▶ **DESCRIPTION OF THE TASK**
If a line includes "Chapter", copy it out of the entries.

(Extracted data entries)
--------------------------------------------------
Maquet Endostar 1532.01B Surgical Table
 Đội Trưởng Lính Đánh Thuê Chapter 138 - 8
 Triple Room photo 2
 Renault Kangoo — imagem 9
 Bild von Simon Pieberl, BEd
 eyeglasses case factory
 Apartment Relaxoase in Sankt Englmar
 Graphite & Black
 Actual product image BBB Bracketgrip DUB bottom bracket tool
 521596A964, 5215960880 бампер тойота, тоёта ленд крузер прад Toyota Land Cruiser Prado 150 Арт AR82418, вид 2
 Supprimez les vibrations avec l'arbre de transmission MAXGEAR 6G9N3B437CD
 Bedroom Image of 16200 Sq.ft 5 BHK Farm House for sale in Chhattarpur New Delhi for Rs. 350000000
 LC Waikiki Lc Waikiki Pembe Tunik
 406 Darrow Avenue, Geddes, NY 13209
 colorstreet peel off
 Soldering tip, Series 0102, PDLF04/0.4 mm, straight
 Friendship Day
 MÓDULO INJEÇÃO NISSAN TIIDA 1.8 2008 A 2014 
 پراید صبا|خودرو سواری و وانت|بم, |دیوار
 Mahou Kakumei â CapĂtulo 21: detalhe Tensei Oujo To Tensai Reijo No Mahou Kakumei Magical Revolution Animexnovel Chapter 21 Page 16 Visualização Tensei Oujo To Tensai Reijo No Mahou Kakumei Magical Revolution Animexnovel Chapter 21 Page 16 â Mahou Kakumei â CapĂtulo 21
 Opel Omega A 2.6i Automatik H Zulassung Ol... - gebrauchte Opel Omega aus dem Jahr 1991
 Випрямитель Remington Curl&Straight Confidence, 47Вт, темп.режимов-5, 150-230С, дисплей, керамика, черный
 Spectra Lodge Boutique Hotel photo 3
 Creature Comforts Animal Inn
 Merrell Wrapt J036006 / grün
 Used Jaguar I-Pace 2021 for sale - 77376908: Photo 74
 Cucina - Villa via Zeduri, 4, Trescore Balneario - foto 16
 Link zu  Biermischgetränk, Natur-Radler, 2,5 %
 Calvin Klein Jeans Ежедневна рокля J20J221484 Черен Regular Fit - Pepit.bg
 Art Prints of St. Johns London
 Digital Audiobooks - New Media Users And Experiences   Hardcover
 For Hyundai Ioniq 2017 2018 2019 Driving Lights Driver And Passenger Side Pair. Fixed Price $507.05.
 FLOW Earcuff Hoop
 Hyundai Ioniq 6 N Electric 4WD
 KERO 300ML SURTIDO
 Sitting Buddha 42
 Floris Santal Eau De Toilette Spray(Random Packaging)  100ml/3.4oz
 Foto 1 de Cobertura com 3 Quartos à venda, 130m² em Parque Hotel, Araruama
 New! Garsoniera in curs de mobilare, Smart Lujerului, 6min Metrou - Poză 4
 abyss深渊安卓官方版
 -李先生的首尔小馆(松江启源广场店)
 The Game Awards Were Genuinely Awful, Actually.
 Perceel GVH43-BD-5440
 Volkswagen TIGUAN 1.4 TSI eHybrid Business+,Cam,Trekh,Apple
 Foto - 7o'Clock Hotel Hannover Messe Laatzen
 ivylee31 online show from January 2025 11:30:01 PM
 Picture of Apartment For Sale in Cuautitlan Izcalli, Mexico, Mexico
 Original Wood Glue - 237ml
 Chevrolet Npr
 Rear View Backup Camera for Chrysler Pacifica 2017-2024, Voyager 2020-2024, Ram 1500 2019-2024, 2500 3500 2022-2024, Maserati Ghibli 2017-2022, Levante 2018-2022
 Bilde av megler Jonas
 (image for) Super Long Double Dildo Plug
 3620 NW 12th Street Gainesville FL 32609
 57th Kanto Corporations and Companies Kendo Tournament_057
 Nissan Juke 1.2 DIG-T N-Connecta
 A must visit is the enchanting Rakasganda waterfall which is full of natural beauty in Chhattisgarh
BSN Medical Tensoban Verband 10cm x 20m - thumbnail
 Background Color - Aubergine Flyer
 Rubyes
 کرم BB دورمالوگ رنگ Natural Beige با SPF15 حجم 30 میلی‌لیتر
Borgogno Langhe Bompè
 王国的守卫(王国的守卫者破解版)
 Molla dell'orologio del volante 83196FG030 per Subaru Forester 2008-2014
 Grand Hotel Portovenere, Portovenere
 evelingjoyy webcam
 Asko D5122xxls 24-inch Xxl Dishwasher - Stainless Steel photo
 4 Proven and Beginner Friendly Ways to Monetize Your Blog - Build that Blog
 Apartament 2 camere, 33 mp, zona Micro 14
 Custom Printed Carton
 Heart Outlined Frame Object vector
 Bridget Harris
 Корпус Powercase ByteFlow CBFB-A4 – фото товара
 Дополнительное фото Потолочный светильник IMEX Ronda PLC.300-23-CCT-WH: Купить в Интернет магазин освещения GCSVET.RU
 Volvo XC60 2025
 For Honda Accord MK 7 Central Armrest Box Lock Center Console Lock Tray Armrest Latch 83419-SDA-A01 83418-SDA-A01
--------------------------------------------------
▶ **TASK RESPONSE**
 Đội Trưởng Lính Đánh Thuê Chapter 138 - 8
 Mahou Kakumei â CapĂtulo 21: detalhe Tensei Oujo To Tensai Reijo No Mahou Kakumei Magical Revolution Animexnovel Chapter 21 Page 16 Visualização Tensei Oujo To Tensai Reijo No Mahou Kakumei Magical Revolution Animexnovel Chapter 21 Page 16 â Mahou Kakumei â CapĂtulo 21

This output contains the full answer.